A. It really comes down to utilization. The more of the seats that you’re selling, the lower the cost per passenger, and the more hours per day the aircraft is flying, the lower the cost per passenger. (That will require making) the takeoff and landing locations and the overall experience compelling enough that we’re seeing a significant volume of people using it many hours per day.

Q. You delivered your first aircraft to Air Force. What will you learn from how the Air Force uses it?

A. The first piece is on pilot training. We’re going to need to bring on large numbers of pilots, so building up that capability and those processes are really valuable. The next piece that we’ve also accomplished is building the infrastructure. And then the next piece is on the operations and building up the cadence, just getting good at operating the aircraft on a regular basis.

Q. Will this help with your effort to get Federal Aviation Administration certification for commercial use?

A. There will certainly be valuable learnings and the operational experience, the feedback from the Air Force pilots to the FAA flight-test pilots.

Q. You’re in the third of five phases of FAA certification. How is that going?

A. We have submitted all of our area-specific certification plans on stage three, and the FAA is making fantastic progress on approving those. Once those get approved it unlocks a big chunk of work that we’re able to submit to the FAA in preparation for stage four.

Q. What is the biggest hurdle you face to getting certification?

A. The big hurdle that lies between here and the finish line is a mountain of work of testing every single component and system for credit, whether that’s environmental testing or structural testing. We’re making fantastic progress on it. We’re knocking them down one by one, but there is lots and lots of work to do.

Q. Can you get fully certified and launch commercial service in 2025?

A. Our goal is absolutely still to achieve commercial service in 2025, and given the progress we’re making on certification and the progress we’re making on the manufacturing front, we’re excited to just be day after day knocking down the milestones.

Q. So you’re saying sometime in 2025 is still doable?

A. For our commercial service? Yes.

Q. Last year one of your (pilotless) prototype aircraft crashed in California. Has that changed anything in your design?

A. That is still in an ongoing investigation with the NTSB (National Transportation Safety Board), and so I can’t comment on it, but I can say that we are extremely confident in the design of our aircraft.
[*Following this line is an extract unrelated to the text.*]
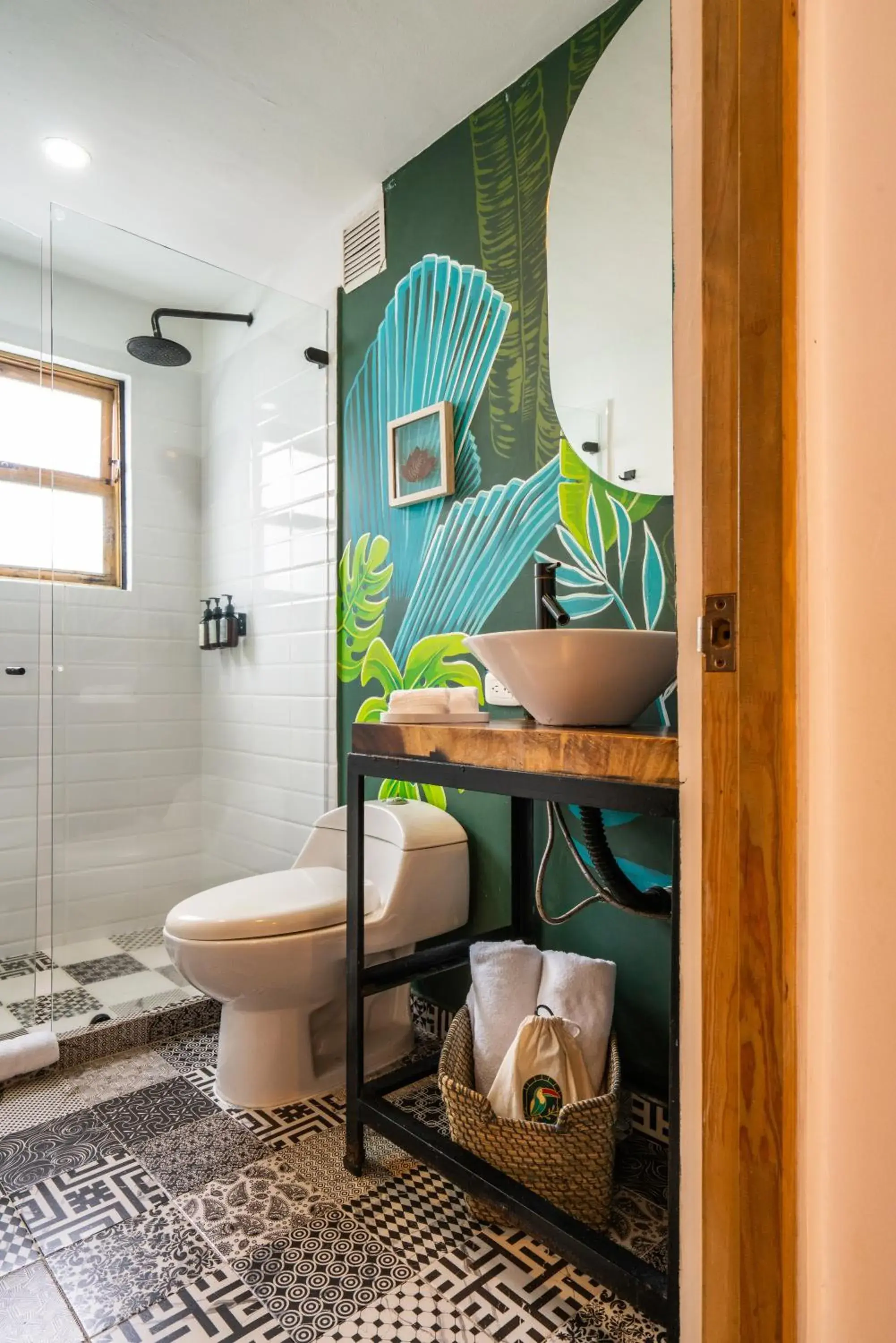 Queen Room with Garden View in Terasu Hotel Boutique Salento Queen Room with Garden View in Terasu Hotel Boutique Salento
Q. Joby announced in September that you’re going to build a in Dayton, Ohio, with up to $325 million in state and local incentives. Why there?
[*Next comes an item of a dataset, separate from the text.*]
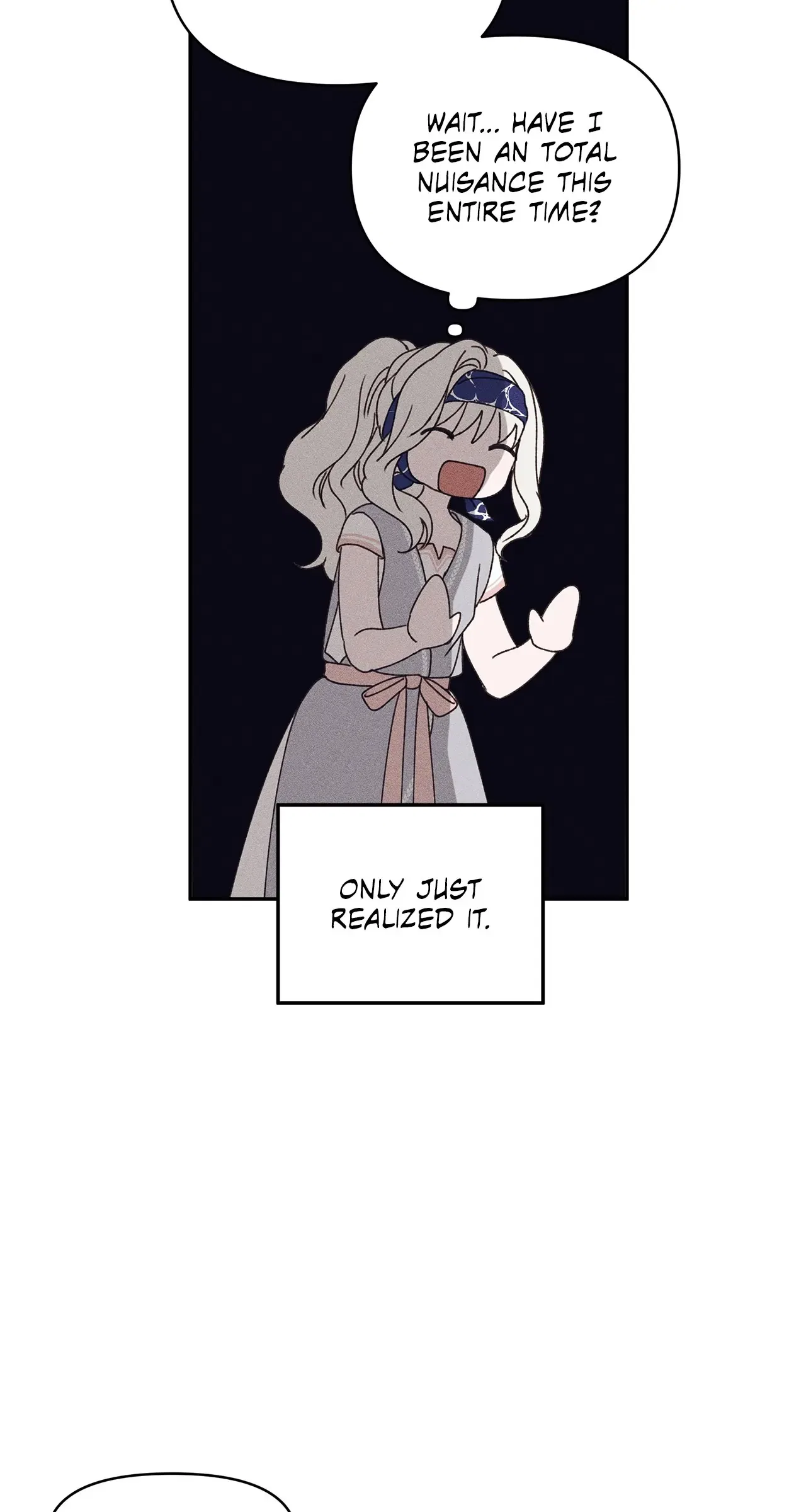 Foam of the Waves Chapter 23 – Page 34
A. It’s really exciting -- the birthplace of aviation. Dayton specifically is where the Wright brothers got going, and it has an incredible aviation heritage. You’ve got Wright-Patterson Air Force Base, which is the home of the Air Force Research Laboratory and AFWERX (the Air Force’s technology-innovation program). Ohio is the largest supplier of parts for Boeing and Airbus, so there’s a deep manufacturing bench there.

Q. You’ve been involved with a series of technology companies. Any plans beyond Joby?

A. I’m very passionate about sustainable aviation and am very excited about what electric ... propulsion can mean for aviation sustainability writ large.